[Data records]
____________________

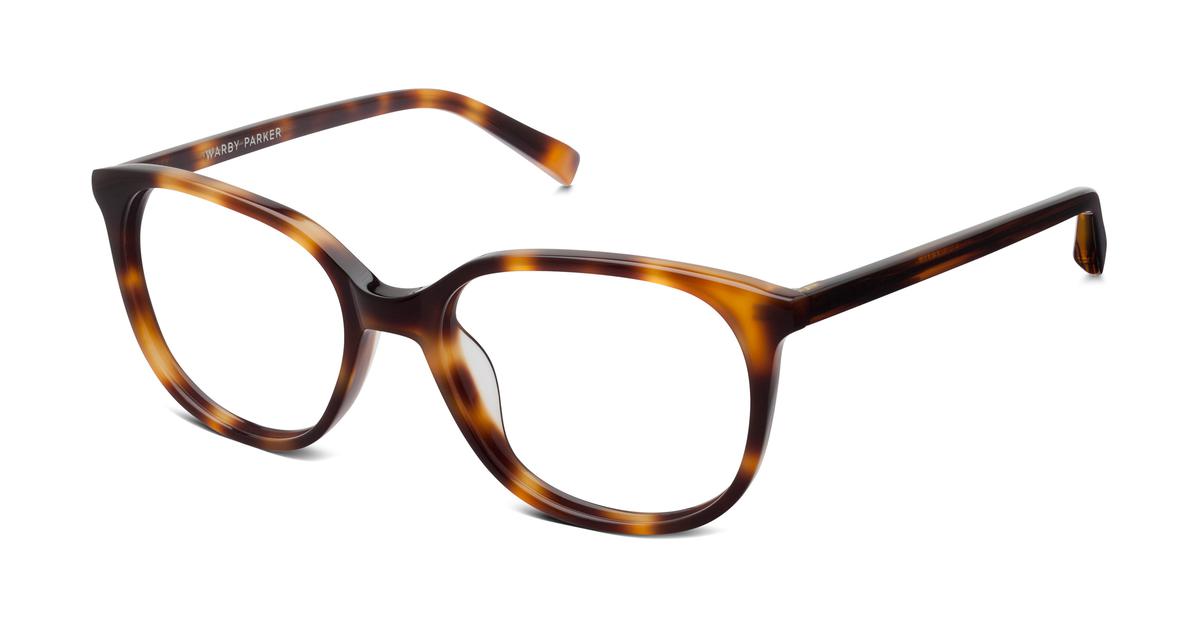 Warby Parker Laurel Eyeglasses in Oak Barrel for Women
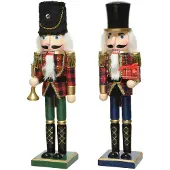 Décoris Notenkraker vuren l7b6h25cm mult a2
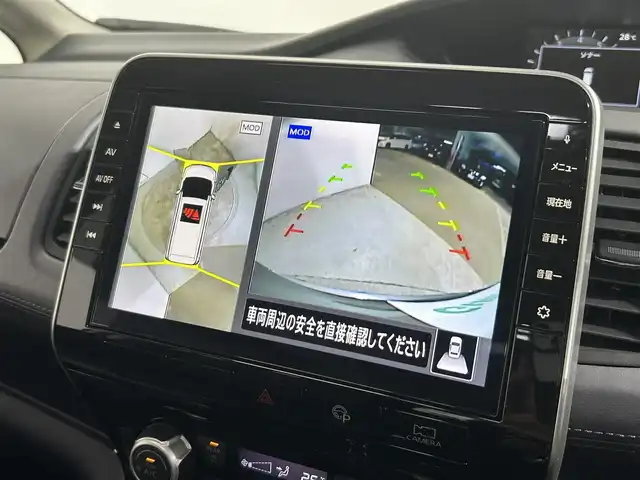 日産 セレナ ハイウェイスター V 大阪府 2020(令2)年 2.7万km ダークメタルグレー ProPILOT 純正10incナビ(フルセグ/DVD再生/Bluetooth) 360カメラ ETC 後席モニター 両側パワースライドドア 衝突軽減 クルコン BSM シートヒーター ドラレコ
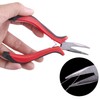 Duufin Hair Extensions Tools Kit 500 Pcs Dark Brown Micro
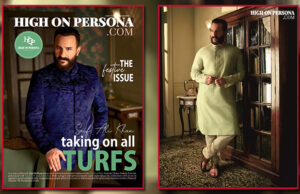 Saif Ali Khan makes a dashing appearance on the cover of High On Persona Magazine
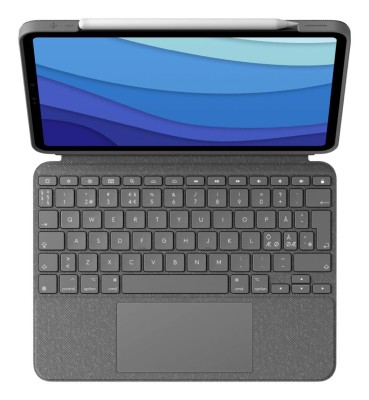 Logitech Combo Touch till iPad Pro 11" (Gen. 1/2/3), bakbelyst tangentbord med styrplatta, nordiskt - Grå#2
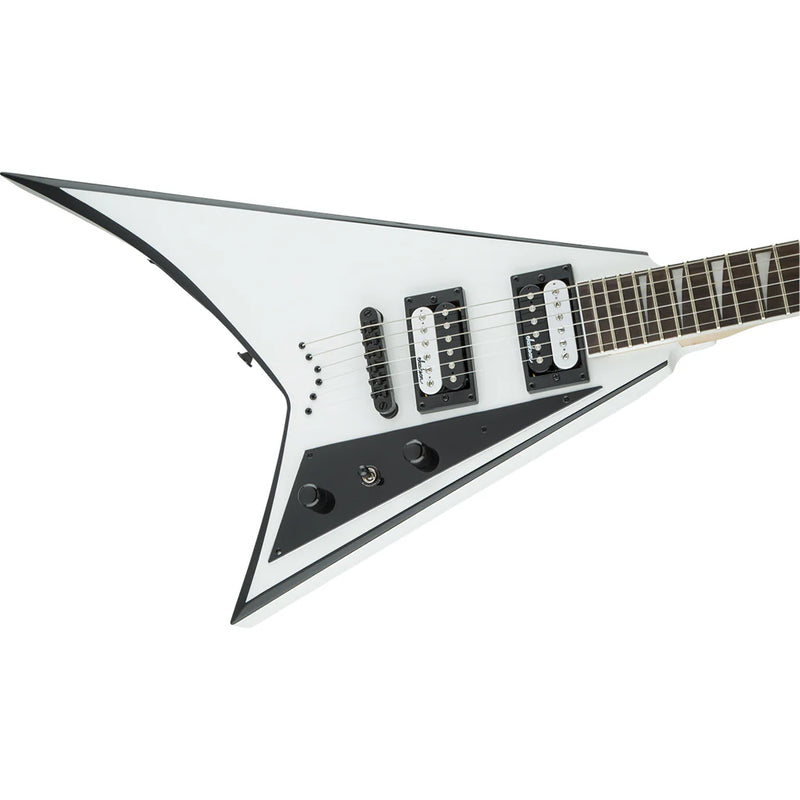 Jackson JS Series Rhoads JS32T Amaranth Fingerboard - White with Black Bevels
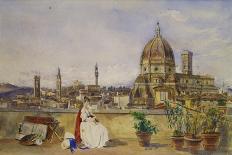 A Terrace Overlooking Florence from the Via Di Servi-Thomas Hartley Cromek-Framed Stretched Canvas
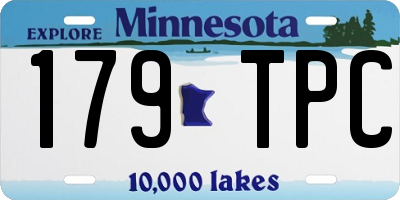 MN license plate 179TPC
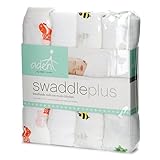 エイデンアンドアネイ Aden + Anais おくるみ 4枚セット swaddlePlus wrap(カラー：Life's hoot) S107【並行輸入】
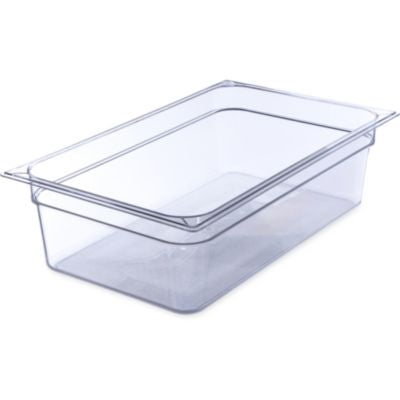 CFS10202B07 StorPlus Polycarbonate Food Pan, 19.4 qt, 12.5 x 20.75 x 6, Clear, Plastic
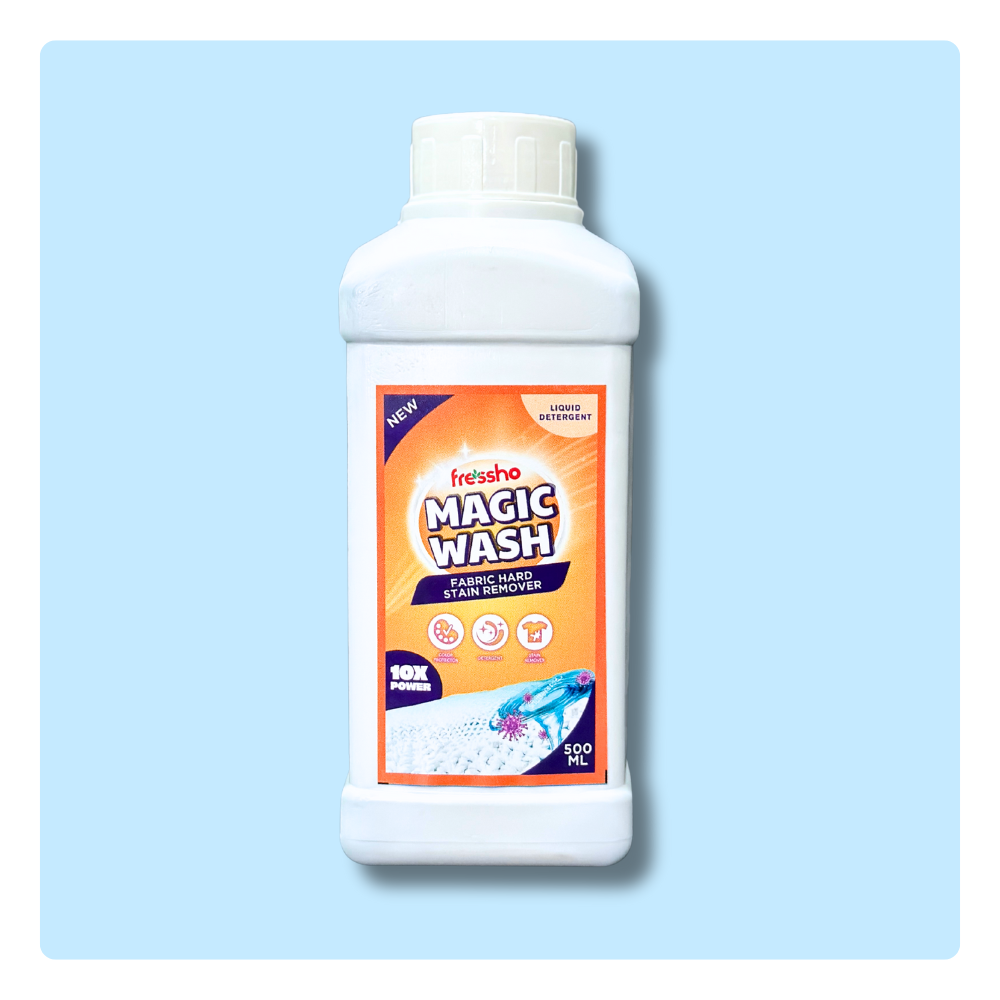 Magic Wash – Tough Stain Remover for Everyday Fabrics - 500 ML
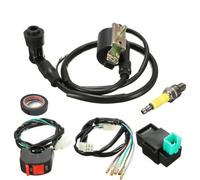 Wiring Loom On Off Switch Coil Cdi Spark Plug Kit For 50Cc 90Cc 110Cc Pit Bike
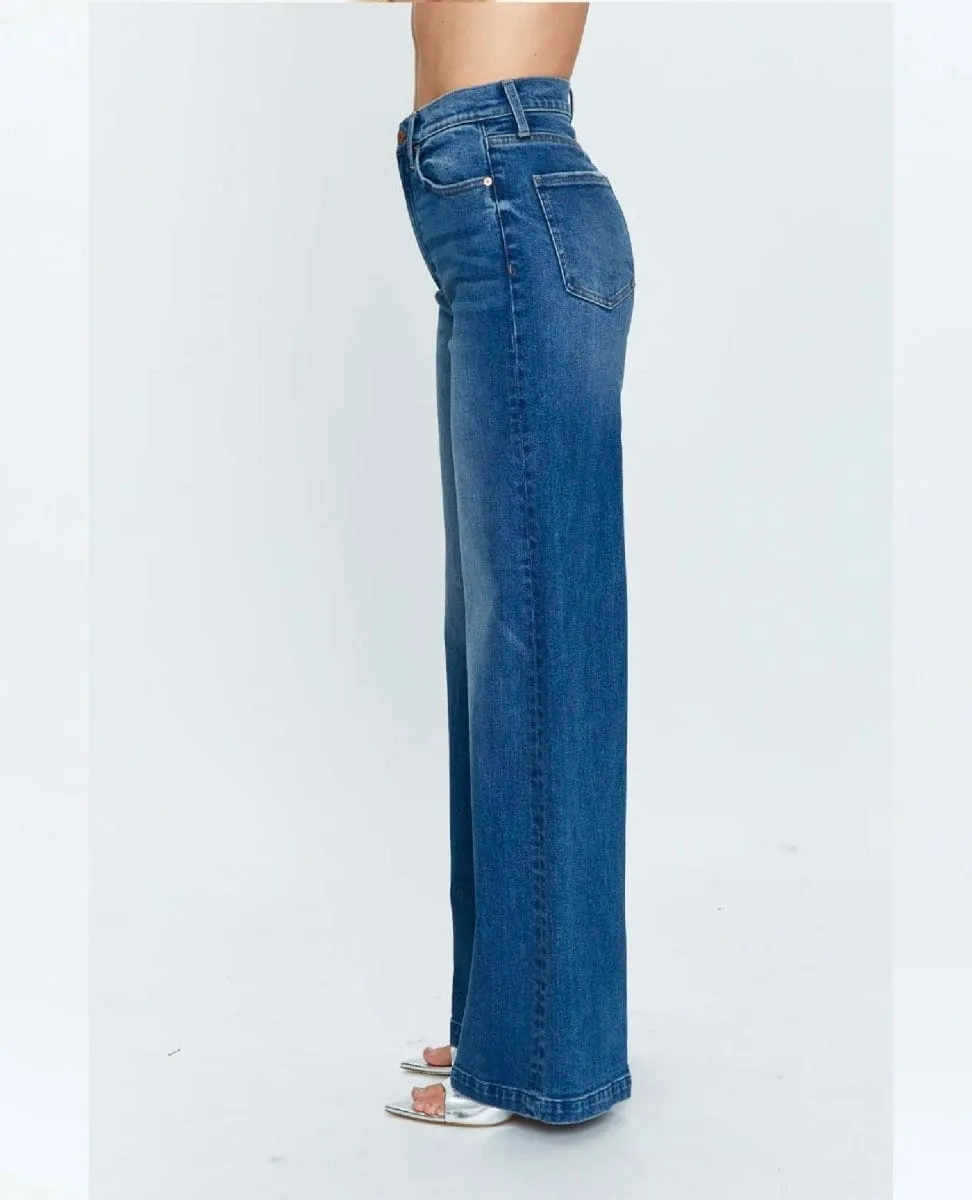 Pistola Jeans Lana Wide Leg in Cider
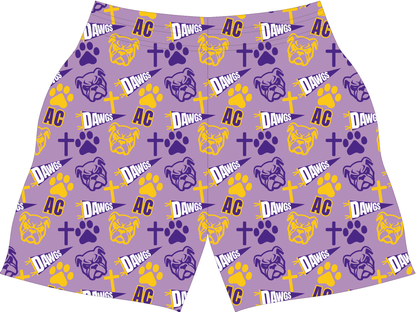 AC Bulldogs Spirit Boy Shorts all-over print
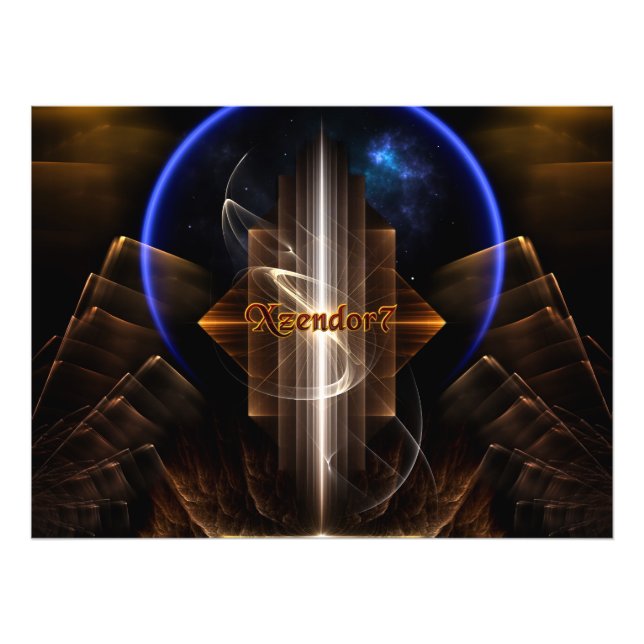 Foto Domínio Artrilliano Da Arte Fractal Xzendor7 (Frente)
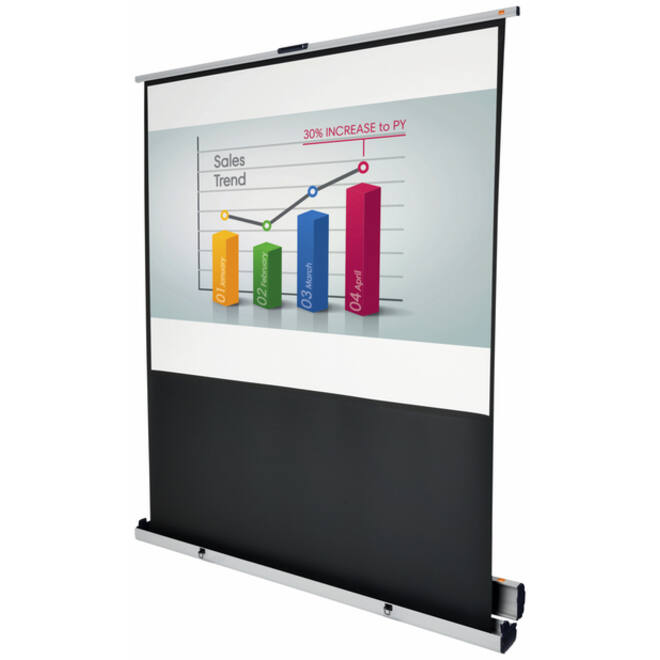 Projectiescherm Nobo draagbaar 162x122cm vloermodel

____________________

ABOUT THIS EXERCISE: Output the data above exactly, beginning at its first line and ending with the line that holds "Duufin Hair Extensions". Leave out the pictures and add nothing.

RESULT OF THIS TASK:
 Warby Parker Laurel Eyeglasses in Oak Barrel for Women
 Décoris Notenkraker vuren l7b6h25cm mult a2
 日産 セレナ ハイウェイスター V 大阪府 2020(令2)年 2.7万km ダークメタルグレー ProPILOT 純正10incナビ(フルセグ/DVD再生/Bluetooth) 360カメラ ETC 後席モニター 両側パワースライドドア 衝突軽減 クルコン BSM シートヒーター ドラレコ
 Duufin Hair Extensions Tools Kit 500 Pcs Dark Brown Micro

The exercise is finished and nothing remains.